==== Source material
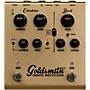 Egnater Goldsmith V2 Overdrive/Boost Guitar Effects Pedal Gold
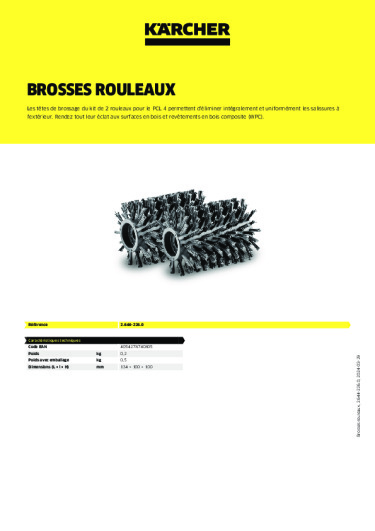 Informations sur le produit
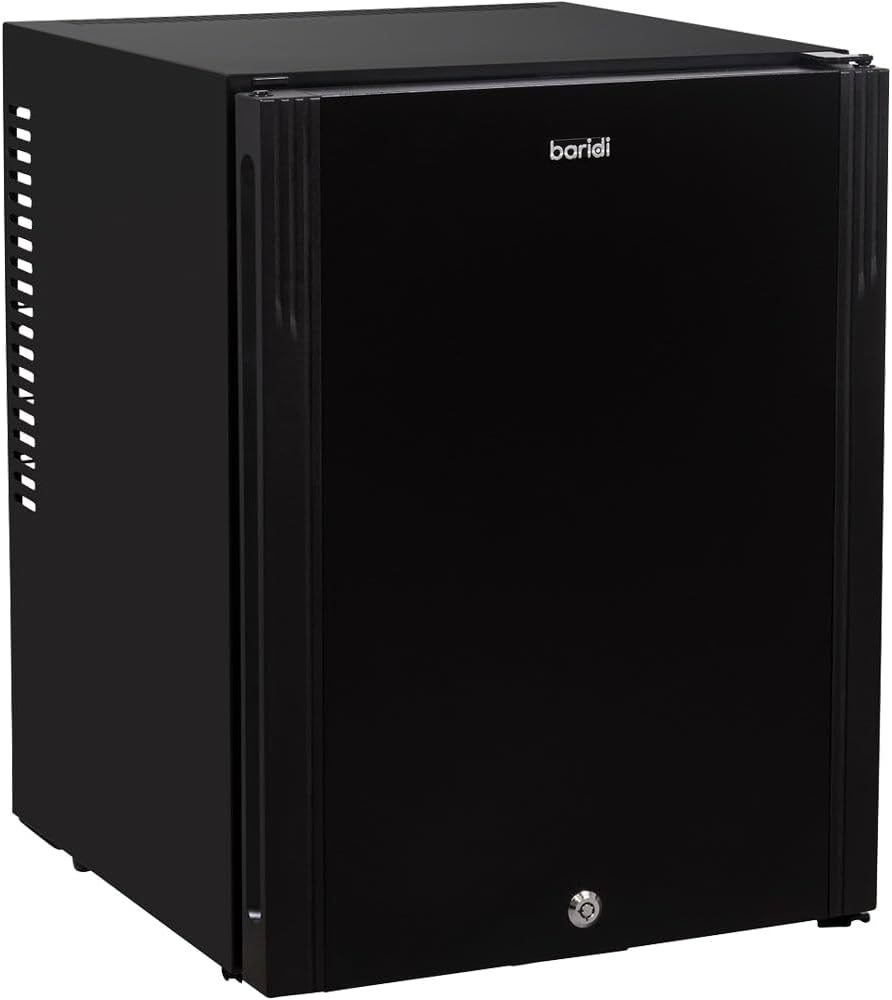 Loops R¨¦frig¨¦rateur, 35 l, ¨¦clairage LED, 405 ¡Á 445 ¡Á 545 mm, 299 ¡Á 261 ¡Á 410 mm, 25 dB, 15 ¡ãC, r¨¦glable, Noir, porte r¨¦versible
========
==== Source material
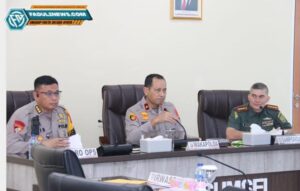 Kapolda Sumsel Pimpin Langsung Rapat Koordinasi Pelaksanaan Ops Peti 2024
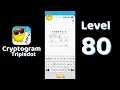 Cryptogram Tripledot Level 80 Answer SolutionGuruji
========
Required action: A clean copy is needed of the lines above from the one with "Kapolda Sumsel Pimpin" up to and including the one with "Cryptogram Tripledot Level". Please set it down exactly, with no pictures.

Result of this exercise:
 Kapolda Sumsel Pimpin Langsung Rapat Koordinasi Pelaksanaan Ops Peti 2024
 Cryptogram Tripledot Level 80 Answer SolutionGuruji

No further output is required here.